What you will do: Would you transcribe the listing that follows word for word, skipping pictures?

Material provided:

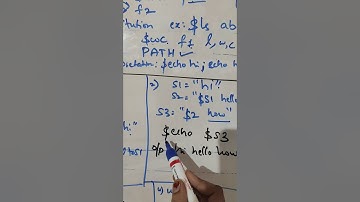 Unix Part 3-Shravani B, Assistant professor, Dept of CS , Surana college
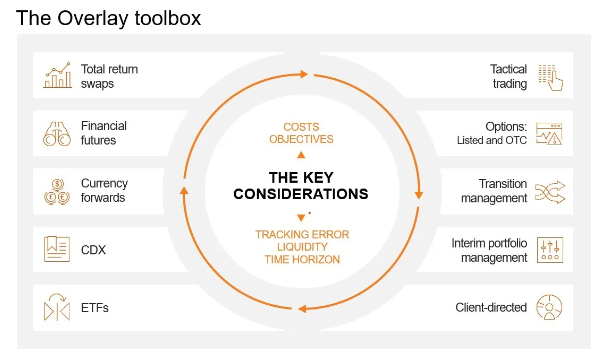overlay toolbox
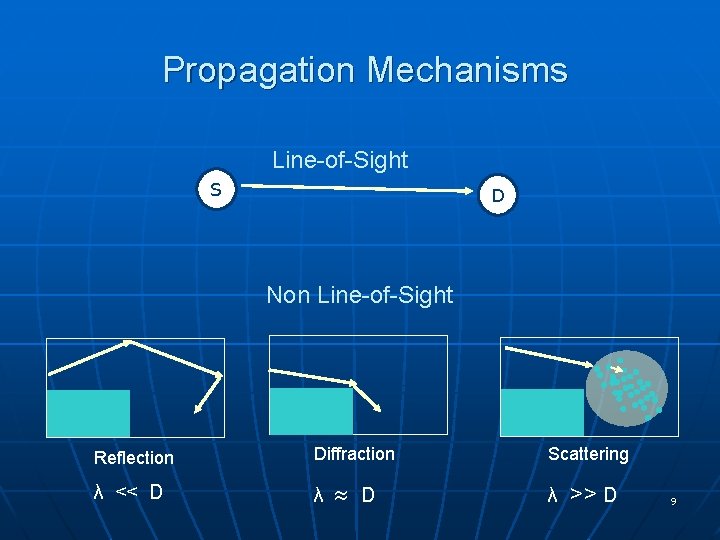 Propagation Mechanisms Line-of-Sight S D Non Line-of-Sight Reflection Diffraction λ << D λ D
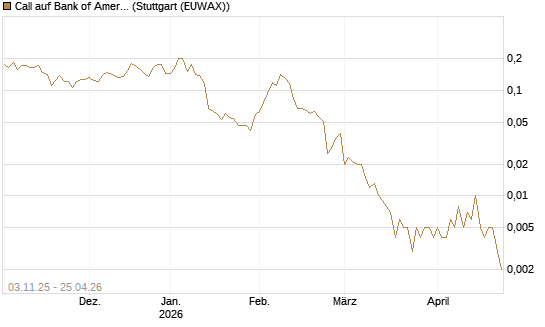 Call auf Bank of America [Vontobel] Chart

Written solution:
 Unix Part 3-Shravani B, Assistant professor, Dept of CS , Surana college
overlay toolbox
 Propagation Mechanisms Line-of-Sight S D Non Line-of-Sight Reflection Diffraction λ << D λ D
 Call auf Bank of America [Vontobel] Chart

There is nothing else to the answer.